Emission targets at risk as growing population hits greener city plan

 

Road deaths and serious injuries down but pedestrians remain most at risk

pedestrian childFewer people were killed or seriously injured on the capital’s roads in the past 12 months.

According to data from Transport for London 2,167 people were killed or seriously injured in 2014, a 7% drop on 2013 and the lowest number since the current form of record keeping began in 1986.

Overall casualties figure that include minor injuries were up by 13% year-on-year with 30,785 people hurt in nearly 26,000 accidents. 38% of those injured were travelling in a car.

Pedestrians remain the most at risk of being killed on the road in London. Of the 127 people fatally injured, 64 were on foot and 104 were what TfL refers to as the most vulnerable groups – pedestrians, motor cyclists and cyclists.

Fatalities and Casualties on London’s Roads
Killed Serious Injury
Pedestrian 64 715
Cyclist 13 419
Motorbike/Scooter 27 499
Car 19 297
Van/Lorry 2 19
Taxi/Private Hire 0 13
Bus/Coach 0 71
Other 2 7

TfL’s current target for 2020 is to reduce deaths and serious injury by 50% from the average rate seen between 2005-09. Rates are currently 40% lower, and for children the 50% target has been achieved.

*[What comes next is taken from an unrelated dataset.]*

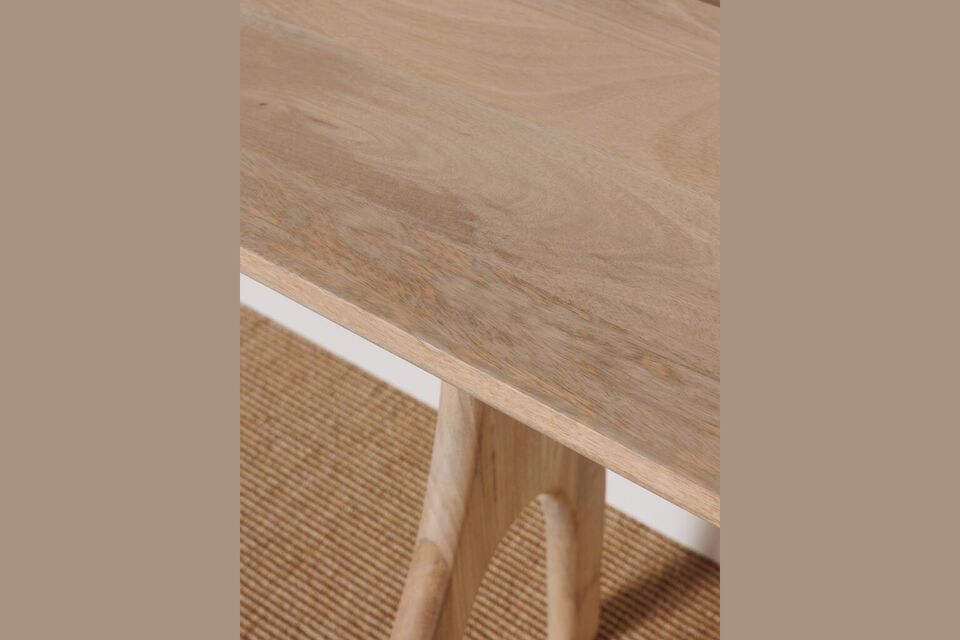 El color beige natural y la fina textura de la madera crean un ambiente cálido y un aspecto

However those under 15 remain the most vulnerable pedestrians. 5,613 people on foot suffered some form of injury in a road accident in 2014. More than 1,000 of them were children.

Injuries to cyclists were up, but so is the popularity of cycling. Deaths and serious injuries rose by 3% on the 2005-09 average and minor injuries were up by 73%. Since 2005 the number of journeys taken by bike has risen by 92%, says TfL.

Men suffered 78% of cycling injuries, but they make three quarters of all cycle journeys, according to TfL. There was an even starker gender imbalance for motorbikes and scooters. Men take 87% of the journeys and suffered 93% of the injuries.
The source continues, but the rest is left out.